The reason I say this is because as soon as we got to the art gallery, I felt a weird feeling in my stomach and my heart started racing. I brushed it off as just me being nervous about going somewhere new and finally meeting "Vicki Jo"...whom I'd heard so much about. Well...when we got there...she met us at the door and AM practically ran to her to hug her. Of course she wasn't really trying to run to him because like a woman... she was more interested in "checking me out" first. So she passes by him and looks me up and down and extends her hand to shake my hand. It was one of those weird moments. It shouldn't have been weird. But I didn't get that..."I'm just a friend of AM's and if your his ppl, then you're my ppl too" vibe from her. At that moment, I started to watch them interact. This guy....that I'm supposed to be dating, have problems hugging me and being close to me, can run to Vicki Jo and hug her and kiss her cheek??? WTH? Anyways, she shows us in and they are talking about whatever and I'm kinda feeling akward so I try to not let it show and keep my "i'm cool, nothing's wrong" face on. When we get in, there was all of this really beautiful art that her "students" created, so I decided to not be clingy and work my way around the room alone...while also observing AM and Vicki Jo. Well, the farther away I got, the closer they got. It really bothered me, but at the same time, I didn't want to go over to him. I wanted to watch the train wreck happen. I wanted to know how they interact with each other when I wasn't around. Unfortunately for me, their body language let me know that there was way more to this then "oh Vicki Jo's just cool peeps". They were too comfortable in each other's personal space...and the fact that he rarely even looked to see where I was let me know which "girl" he'd rather be around. It was a pride buster I tell ya. I couldn't believe I was being overshadowed by a girl name "VICKI-freakin-JO"!! Anyway, it was at that point that I knew that he and I wasn't gonna work. I hate assuming things and even more...I hate being mad about something that MAY not be true...but at the same time... I knew. I KNEW. I KNEW!!! I knew he liked her more than a friend. I could feel it. You know, I never brought any of this up to him because honestly, I figure hey, if you don't wanna be with me, then you just don't wanna be with me... the reason doesn't matter ...let's just not be together.

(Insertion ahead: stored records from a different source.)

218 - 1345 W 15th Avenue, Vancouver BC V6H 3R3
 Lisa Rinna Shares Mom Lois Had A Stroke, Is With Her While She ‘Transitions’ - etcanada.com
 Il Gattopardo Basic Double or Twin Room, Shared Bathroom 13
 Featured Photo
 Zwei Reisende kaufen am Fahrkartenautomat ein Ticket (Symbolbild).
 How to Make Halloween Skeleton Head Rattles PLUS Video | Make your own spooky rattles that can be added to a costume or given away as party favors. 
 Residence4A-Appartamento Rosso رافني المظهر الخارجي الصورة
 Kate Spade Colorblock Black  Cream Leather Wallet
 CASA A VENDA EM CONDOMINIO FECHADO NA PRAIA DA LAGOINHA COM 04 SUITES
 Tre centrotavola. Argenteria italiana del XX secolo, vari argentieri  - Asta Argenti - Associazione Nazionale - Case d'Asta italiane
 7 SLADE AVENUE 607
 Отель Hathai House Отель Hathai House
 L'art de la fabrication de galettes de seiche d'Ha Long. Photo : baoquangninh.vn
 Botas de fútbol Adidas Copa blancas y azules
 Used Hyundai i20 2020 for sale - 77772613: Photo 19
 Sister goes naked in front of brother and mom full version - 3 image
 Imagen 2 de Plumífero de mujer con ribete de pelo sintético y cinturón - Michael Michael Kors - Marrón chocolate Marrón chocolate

So I never told him how I felt about her. Which is probably why he still feels it's alright to say stupid things like "you and Vicki Jo are my two favorite ppl". Ugh. Give me a break! I guess it's my own fault for not telling him that I'm not as fond of her as he is.

I did ask him the last time we were together why he and Vicki don't get together. His reply was, "Hahaha.. naw. S-ssome things are better left the way it is. We are just meant to be friends."I left it alone, but can someone tell me.... am I going crazy? Am I over-reacting? Or does that just mean, "Hahaha...naw. I dunno if she's feeling me like that, so I'm settling for friendship right now?"
Anyways, I'll keep you posted on that.

2. My cousin

My cousin and I are about 8 mo. apart and practically grew up together like sisters. Where ever I went, she went. Whatever I got, she got... whatever I did, she did. The problem was that the older we got, the more our family started to compare us and make us more into rivals then sisters. I'm blessed to have wonderful, married, working, crazy in love, parents who loved me and would do anything for their "babygirl". Her mother is a single mother of 3. She's the never worked a day in her life, still live at home with her mother (our grandmother), barely graduated from high school, "if you want something don't ask me, go get it yourself" type. Unfortunatly, the older we got, the more our life experiences became noticeably different. My family used to play us against each other, but they always helped her to "even the playing field". While I never EVER tried to compete...the yearning for the attention she didn't get and the "I'm the best, everyone look at me in awe" complex she has, drove her into competitive mode. The problem was that in the end, I was the one always on top, always shining, always doing great things, and etc. and that finally got to her. We fell out through our high school and my college years. She didn't speak to me at all and I am sure the fact that I was doing big things and accomplishing alot didn't help. But finally at my college graduation celebration, she was asked to say some words about me. Well, the fact that we weren't in each other's lives anymore made it really difficult for her to comment on me like so many others did... but she surprised me. She began reminiscing about the past and how tight we were as little girls. It brought tears to my eyes to realize how family and petty competition came between the sistas. Every since that day, we've been like two peas in a pod... thick as thieves....stuck like glue.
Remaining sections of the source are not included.